[[ Source data open ]]
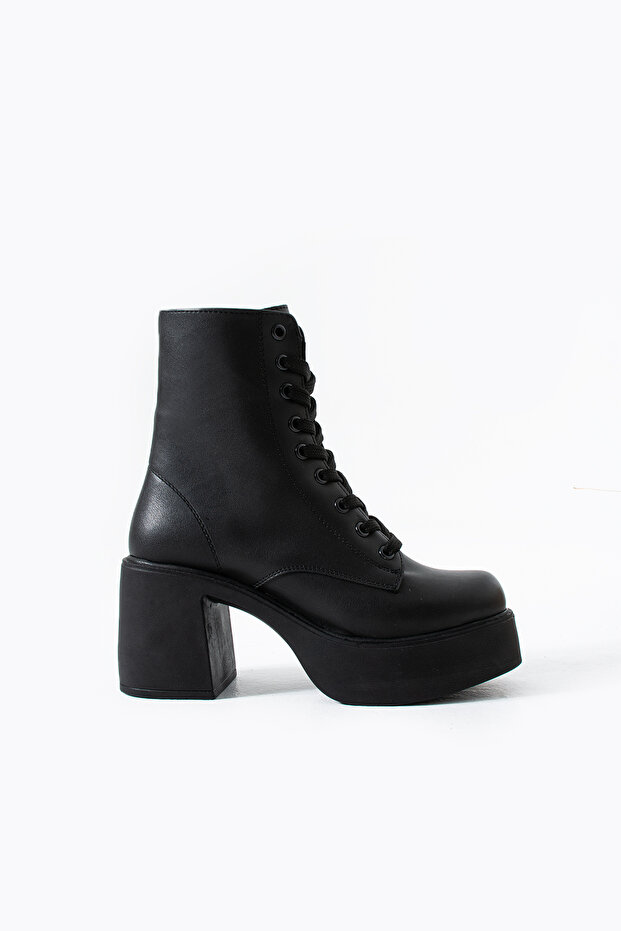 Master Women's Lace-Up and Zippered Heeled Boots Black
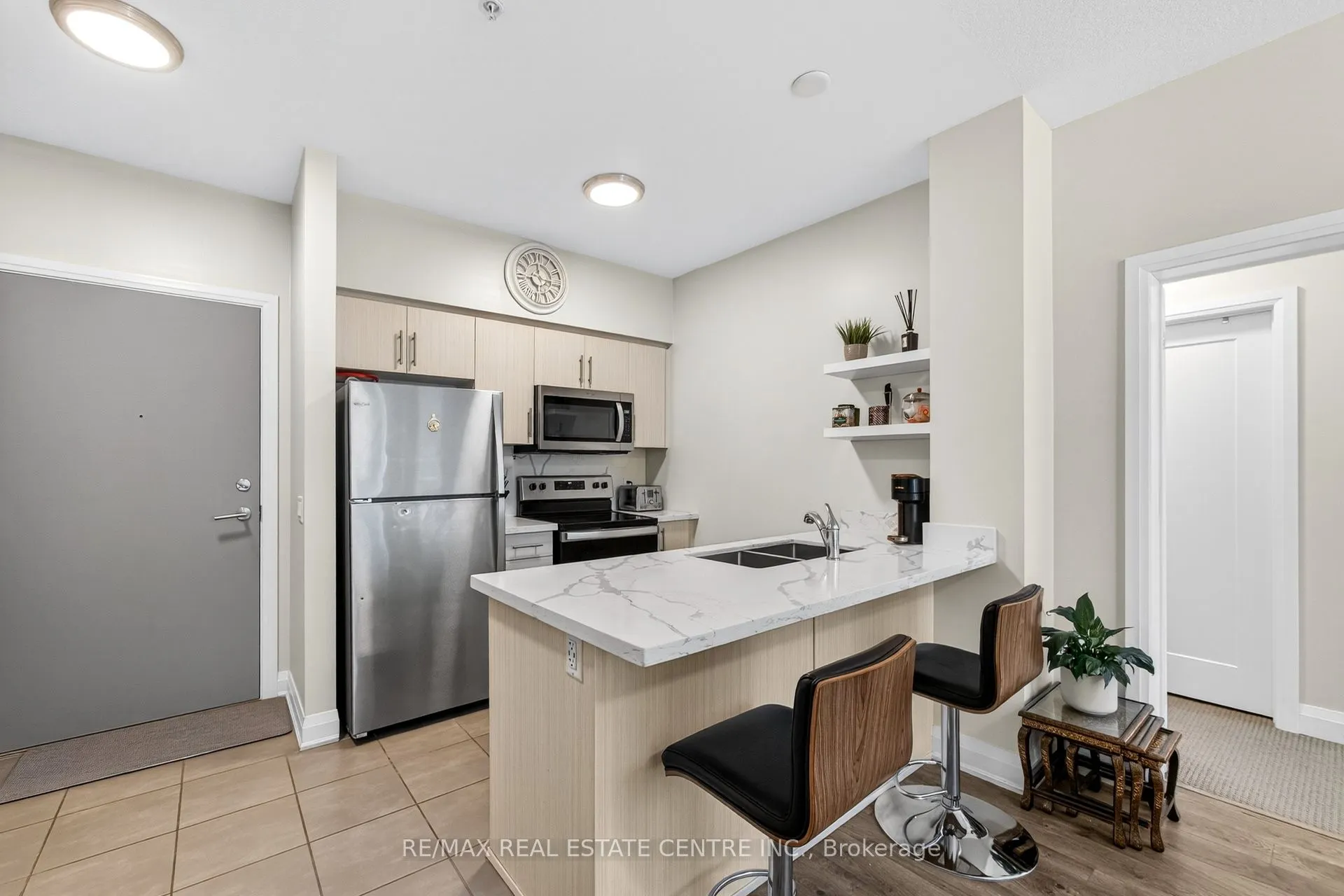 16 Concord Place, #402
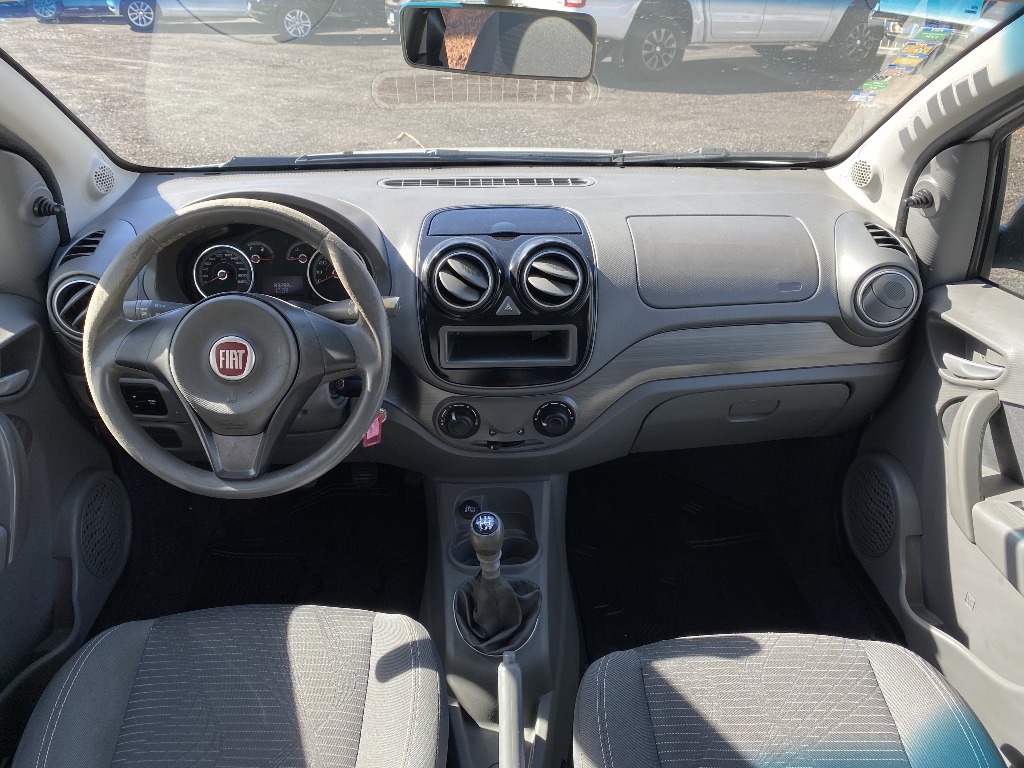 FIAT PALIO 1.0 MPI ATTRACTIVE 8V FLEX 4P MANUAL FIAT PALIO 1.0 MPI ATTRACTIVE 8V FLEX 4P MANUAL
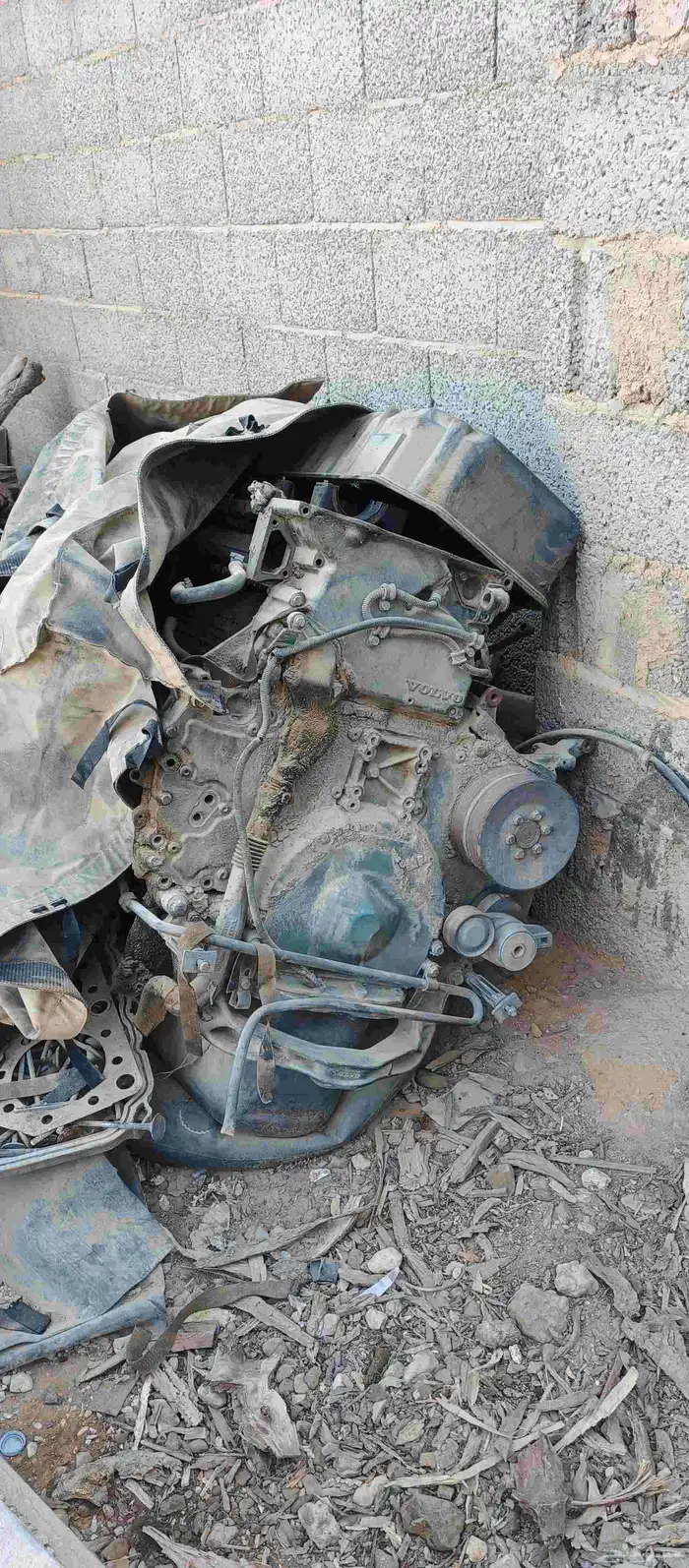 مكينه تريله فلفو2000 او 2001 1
[[ Source data closed ]]
Prompt |
Starting with the line that holds "FIAT PALIO 1.0 MPI ATTRACTIVE 8V FLEX 4P MANUAL FIAT", transcribe exactly each line through the last one of the material above, and nothing else. Do not include pictures.

Worked solution |
 FIAT PALIO 1.0 MPI ATTRACTIVE 8V FLEX 4P MANUAL FIAT PALIO 1.0 MPI ATTRACTIVE 8V FLEX 4P MANUAL
 مكينه تريله فلفو2000 او 2001 1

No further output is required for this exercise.